• SOURCE DATA:
Content starts
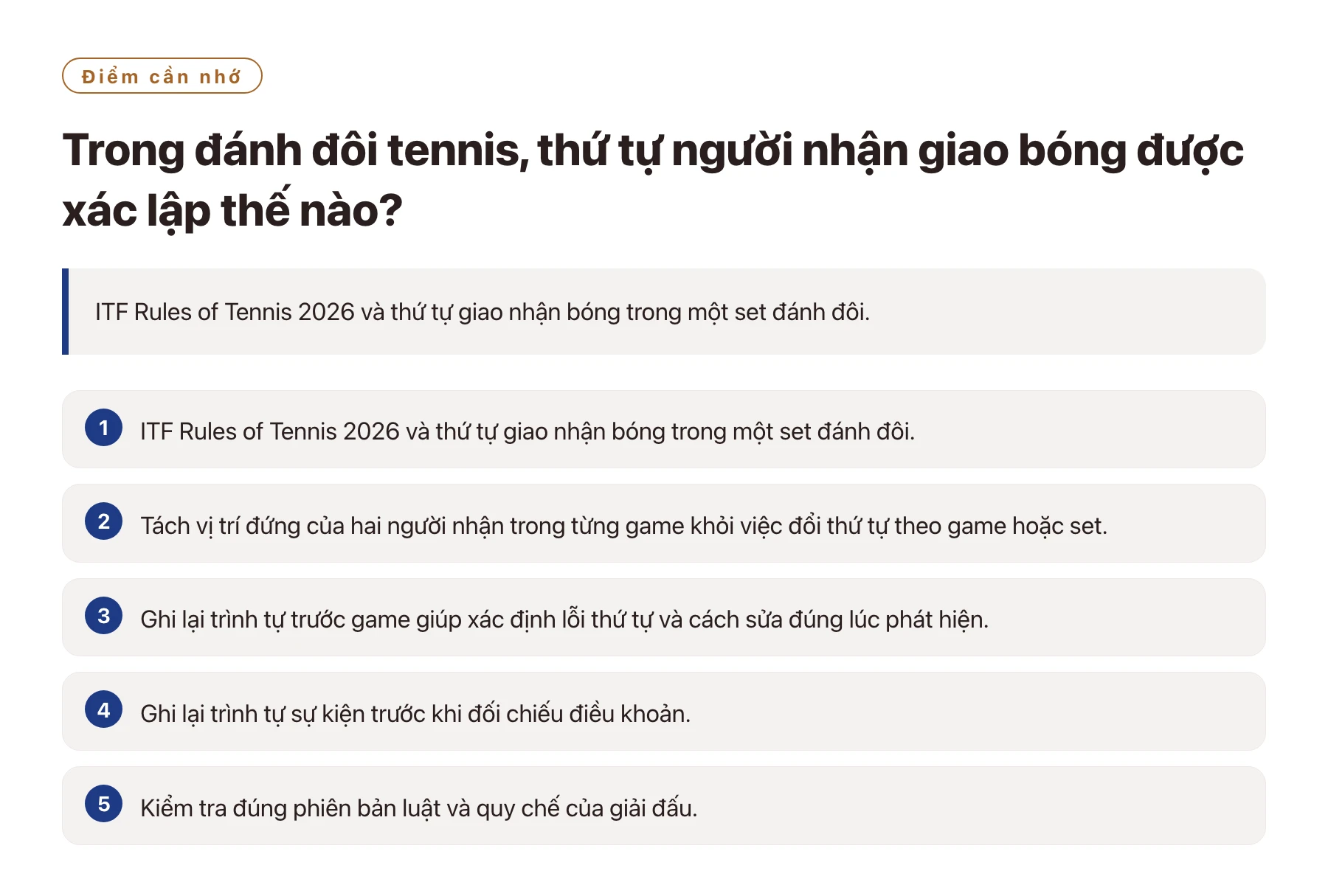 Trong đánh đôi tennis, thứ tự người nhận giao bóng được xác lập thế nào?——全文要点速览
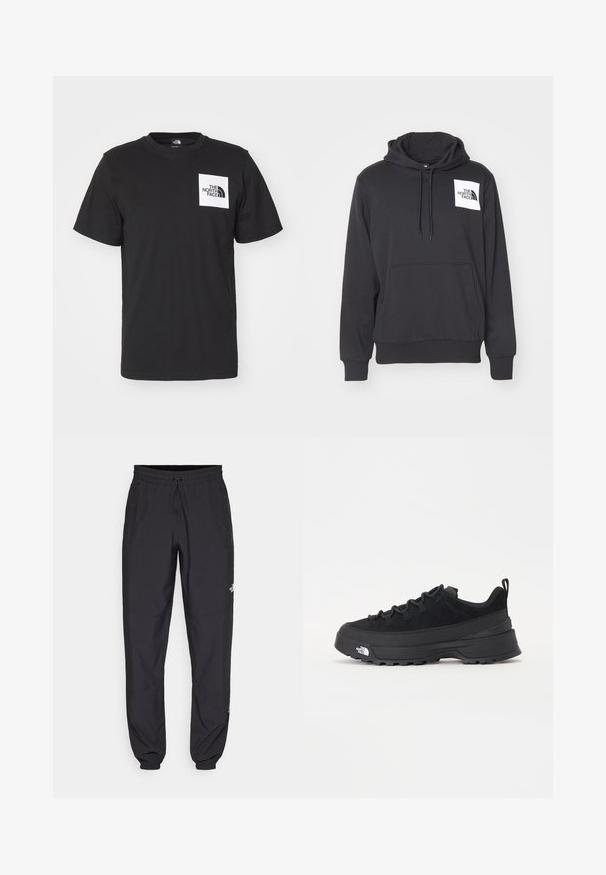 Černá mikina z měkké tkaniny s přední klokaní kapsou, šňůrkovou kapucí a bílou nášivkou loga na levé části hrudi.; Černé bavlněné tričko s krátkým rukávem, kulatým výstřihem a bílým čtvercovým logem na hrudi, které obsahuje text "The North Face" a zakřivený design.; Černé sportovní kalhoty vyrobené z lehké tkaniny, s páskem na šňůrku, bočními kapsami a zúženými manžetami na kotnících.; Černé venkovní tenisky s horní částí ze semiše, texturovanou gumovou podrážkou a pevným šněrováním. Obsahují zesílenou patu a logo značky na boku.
Content ends
Content starts
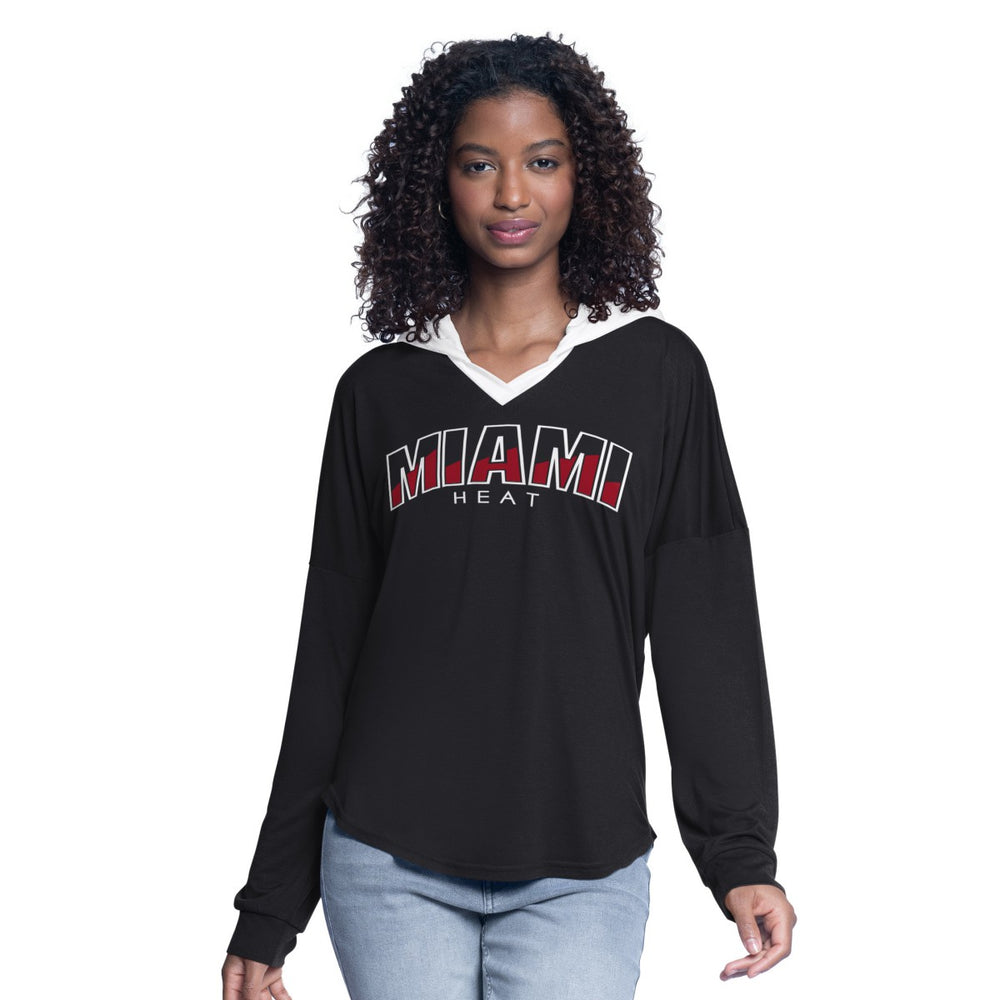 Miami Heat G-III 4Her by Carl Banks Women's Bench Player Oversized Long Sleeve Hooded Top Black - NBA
Content ends
Content starts
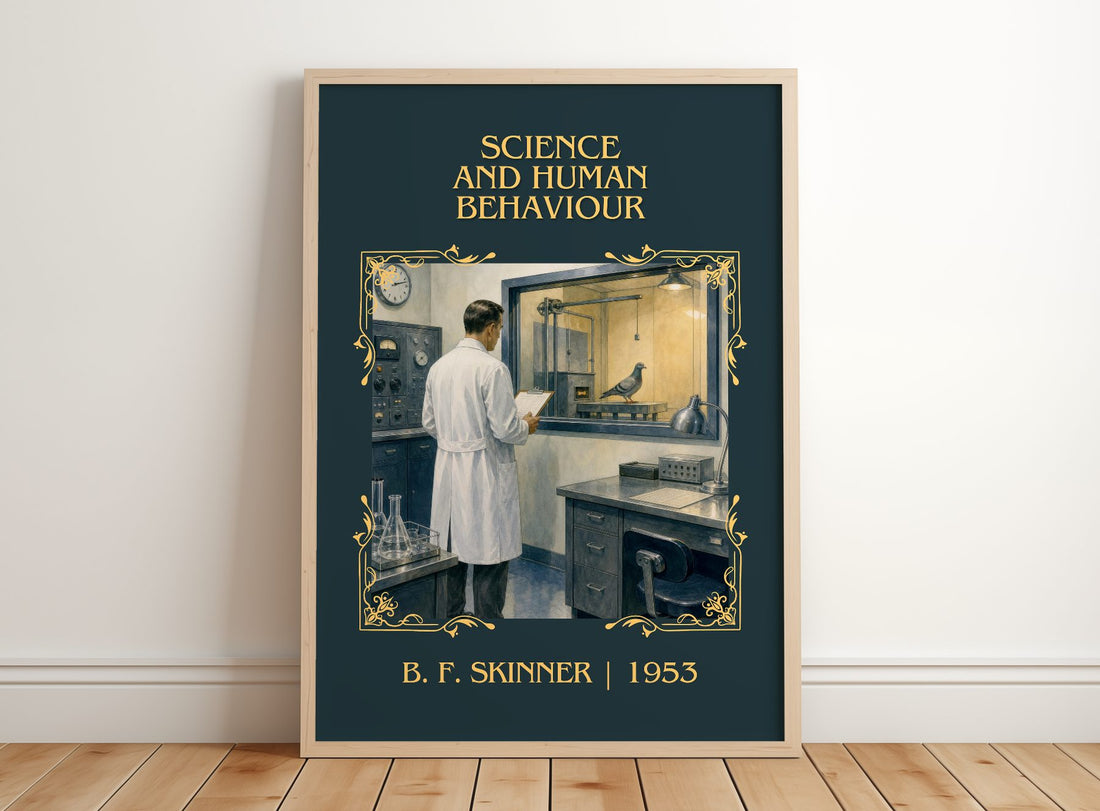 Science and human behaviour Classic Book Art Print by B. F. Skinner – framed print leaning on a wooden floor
Content ends
Look above for the line containing "Trong đánh đôi", then copy exactly from it through the line containing "Černá mikina z", keeping both and leaving out pictures. Add nothing else.

 Trong đánh đôi tennis, thứ tự người nhận giao bóng được xác lập thế nào?——全文要点速览
 Černá mikina z měkké tkaniny s přední klokaní kapsou, šňůrkovou kapucí a bílou nášivkou loga na levé části hrudi.; Černé bavlněné tričko s krátkým rukávem, kulatým výstřihem a bílým čtvercovým logem na hrudi, které obsahuje text "The North Face" a zakřivený design.; Černé sportovní kalhoty vyrobené z lehké tkaniny, s páskem na šňůrku, bočními kapsami a zúženými manžetami na kotnících.; Černé venkovní tenisky s horní částí ze semiše, texturovanou gumovou podrážkou a pevným šněrováním. Obsahují zesílenou patu a logo značky na boku.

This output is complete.